The best scene in Warcraft is its very first, as a human warrior encircles a sword stuck in the ground and we watch him through the POV of the lumbering, grunting beast that dances around him. The scene suggest both conflict and danger, though any real threat is lost when the camera pans and the beast is revealed to be a cartoon.
“Humans and Orcs weren’t always enemies,” voiceover narration helpfully informs us, leading us into two hours of backstory that purports to tell us of how this ages-old conflict came to be.
It’s quite simple, really. In the film’s very first scenes, the monsters open up a portal to Earth and immediately begin to kill and kidnap humans. They want to drain their lifeforce to re-power the portal, so more monsters can come through to kill more humans.
So, uh, they were always at war. And after two hours of Orcs fighting men during the course of the movie, they’re still at war. Thanks, Warcraft.
If killing humans isn’t bad enough, the monsters’ magic wipes out all other living things around them, from grass to trees to animals. In an early scene, their leader sucks the lifeforce out of a deer. In another, an Orc warrior picks up a horse, lifts it over his head, and hurls it as a weapon.
And yet, the movie goes to great lengths to get us to sympathize with the monsters. Early on, we see war chief Durotan (voiced by Toby Kebbell), a giant green-brown CGI animated ogre with large tusks protruding from the corners of his mouth, getting intimate with his mate Draka (Anna Galvin) while stroking her pregnant belly.

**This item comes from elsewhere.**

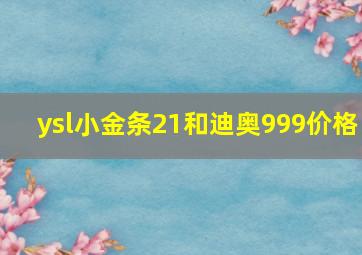 ysl小金条21和迪奥999价格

We’re supposed to like Durotan, I think, especially when he starts to have doubts about the warlord Gul’dan (Daniel Wu), who is leading his people into war and destroying all life around them with his magic.
Yeah, sure, Durotan seems like a nice monster who just wants to do the right thing and raise his monster baby in peace. But he is also a war chief who just participated in sucking the life out of an entire planet and has now come to the land of the humans to do the same.

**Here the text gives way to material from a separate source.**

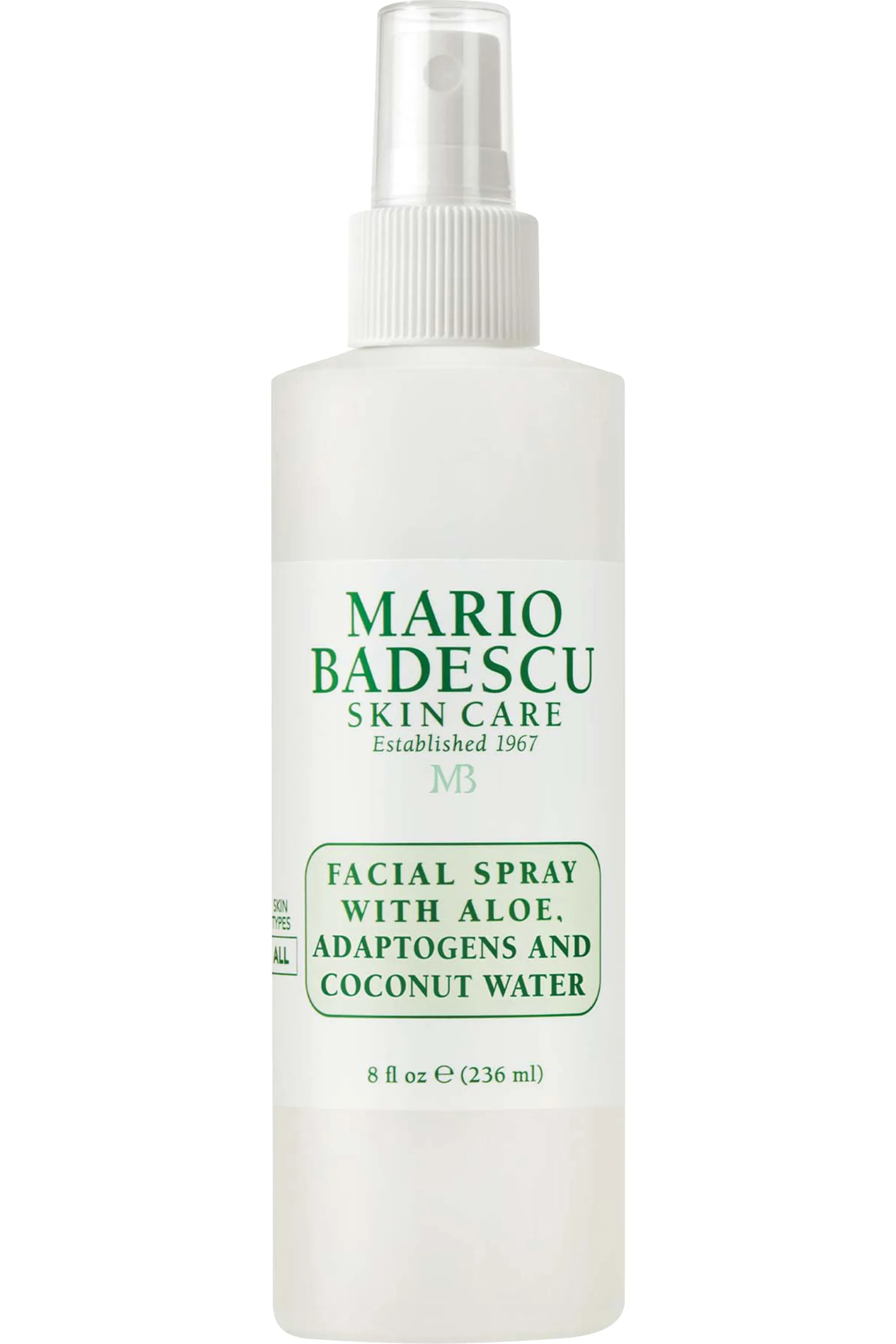 Mario Badescu Spray visage régénérant aloe vera, adaptogènes & eau de coco-118 ml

Other Orcs include a friendly guy with a hammer, another chief with dragon skulls for shoulder pads, and about 500 others who all look identical to me. Oh, and Garona (Paula Patton), a “runt” enslaved by her own kind who is captured by the humans and eventually comes to work with them. While the rest of the Orcs are all cartoonishly animated, Patton amusingly plays this character under a coat of green body paint.
I didn’t sympathize with the monsters despite the script’s best efforts, but I did find them somewhat interesting. That’s good, because the human characters in the film are so thinly sketched they wind up more cartoonish than their animated counterparts.
Those humans include Travis Fimmel as our fearless warrior protagonist, Dominic Cooper as the King (of this whole world?) and Ruth Negga as his wife, and Ben Schnetzer as a young mage who senses the impending monster danger. Oh, and Ben Foster as a Gandalf-like wizard, in the film’s most amusingly hammy performance.
These characters have little to do over the course of the Warcraft other than fight the Orcs. They seem like decent folk but they’re all so bland; I sided with them by default, if only because their opponents are alien monsters killing everything in their path.
A quick word about the CGI, used not just in the creation of the Orcs but also other characters briefly glimpsed and many of the sets: seven years after Avatar, and the tech work in this $160 million blockbuster pales in comparison.
While James Cameron had confidence in his computer effects, creating a bright, vivid, fully-realized and almost-tangible world, the filmmakers behind Warcraft do not: they employ mist and fog and muddy focus in an attempt to hide the fact that their characters are animated.
The result is one ugly-looking move, a sea of hazy browns and oranges only occasionally brightened up by the glowing green and blue magic effects. Screen composition is cluttered and crowded, with cinematography designed to make best use out of the film’s digital effects.
Warcraft was co-written and directed by Duncan Jones, who had previously made the excellent sci-fi thrillers Moon and Source Code. In this film, there’s clearly an effort to deliver something radically different to the usual formulaic blockbuster, as witnessed by the amount of screentime dedicated to what in another movie would be a race of throwaway monsters that needs no explanation.
But the end result is entirely uninvolving, and a near-complete bore; 2016’s biggest, loudest, most lumbering blockbuster to date.
One caveat to this review. I have never played the immensely popular video games on which the movie is based, nor (unlike other major franchises) had I absorbed anything about it through popular culture.
There are a lot of names dropped throughout the course of the film that were lost upon me but I presume have greater meaning for fans; At one point, there’s a battle cry of “For Azeroth!” and yet I had no idea who or what Azeroth was. After the movie, I discover that it’s the world at stake throughout the film.
With that said, fans of the franchise should get more out of Warcraft than I. As will those who watch Lord of the Rings and think “hey, all these humans and elves and wizards and dwarves are great, but what about the internal moral struggle of the monsters?”